Another step for the gig economy, another status?
In a world in which the gig economy is becoming ever more prevalent and is also increasingly in the spotlight, Hermes, a leading consumer delivery company, has taken an unprecedented step in offering its self-employed couriers "enhanced benefits".
Hermes is, in effect, contractually seeking to bring couriers' rights more in line with workers as opposed to self-employed contractors. All those who choose to 'opt-in' to the arrangement will benefit from holiday pay and individually negotiated pay rates based on guaranteed hourly rates of pay of at least £8.50 an hour. However, the flip side of the deal is that the couriers will have to follow directions specified by Hermes so that they are taking the most efficient routes. The GMB said that the collective bargaining agreement is on an opt-in basis and "will not affect those couriers who wish to retain their current form of self-employed status and earn premium rates".
Martijn de Lange, chief executive of Hermes UK, said: "We have listened to our couriers and are wholeheartedly committed to offering innovative ways of working to meet peoples' differing needs". The collective bargaining agreement with the GMB is being described by many as 'ground-breaking' and, some see it as an encouraging move in response to public opinion and demand.
It should be noted that this move is against a back drop of a number of gig economy cases where the courts have found individuals labelled as "self-employed" and "individual contractors" to actually be workers and entitled to workers' rights (see the most recent decision in the Addison Lee case here and the Court of Appeal Uber decision here).

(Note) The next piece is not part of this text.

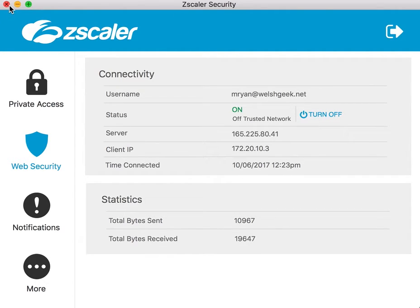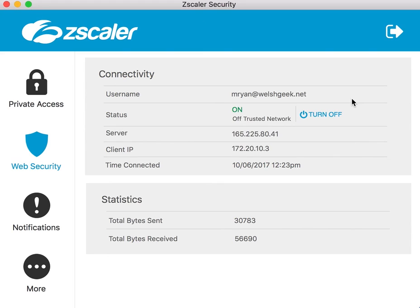All working fine. Just to highlight, they don't need to be the same identity provider. They do need to be returning the same Name ID, which is my mryan at welshkeep.net. Obviously because they're different identity providers, they're using different signing certificates, different metadata entirely, but you can use them.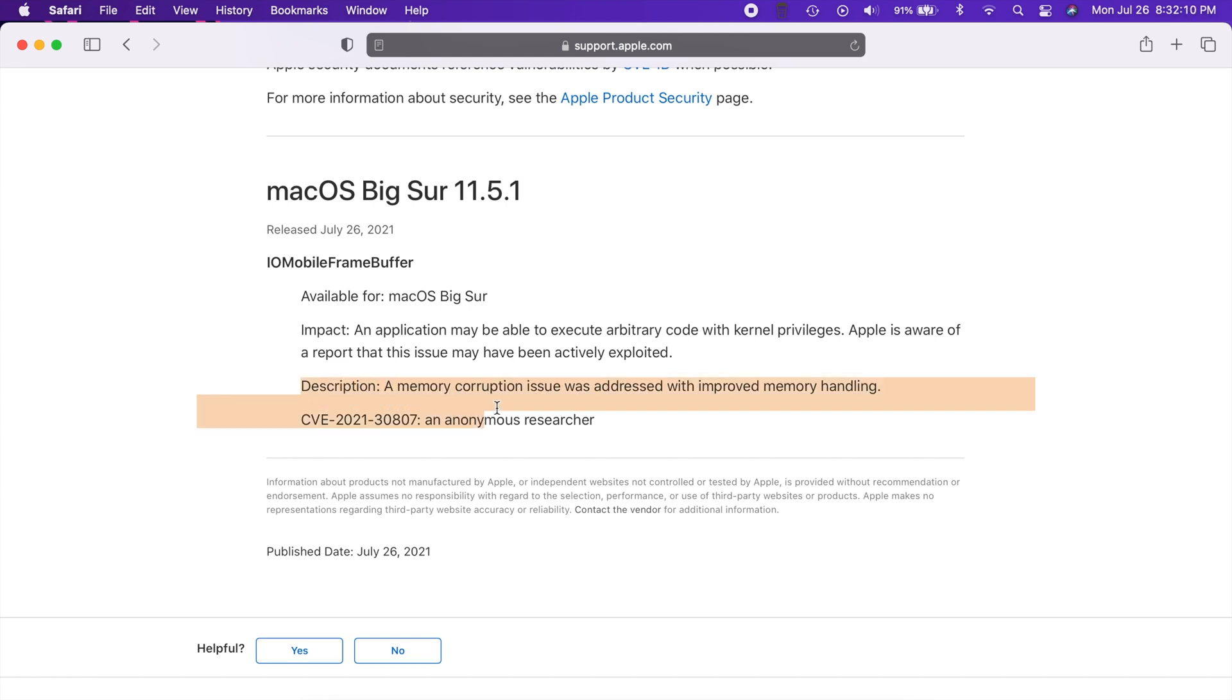It tells us how to actually fix it: a memory corruption issue was addressed to improve memory handling. And guys that's it, that's Big Sur 11.5.1.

There are also potential tax and national insurance questions that arise as a result of the fact that the Hermes approach seems to merge two groups whose income and benefits currently fall to be treated by HMRC under different regimes. Although still classed as self-employed by Hermes, these individuals could be seen by HMRC as more akin to employees and thus should be taxed as such. Matthew Taylor, who conducted the Taylor review (see our article on the latest positon on this here), considers that there are potential taxation issues and that HMRC will be "looking at this very closely" although Hermes has stated that it "100% disagrees" with that view.
Notwithstanding the possible tax implications the development could also result in a further vague concept of 'self-employed plus' being introduced into the already murky and complicated waters of employment status. It may also make it challenging for other businesses that don't have the size and scale of Hermes to offer equivalent rights for self-employed workers.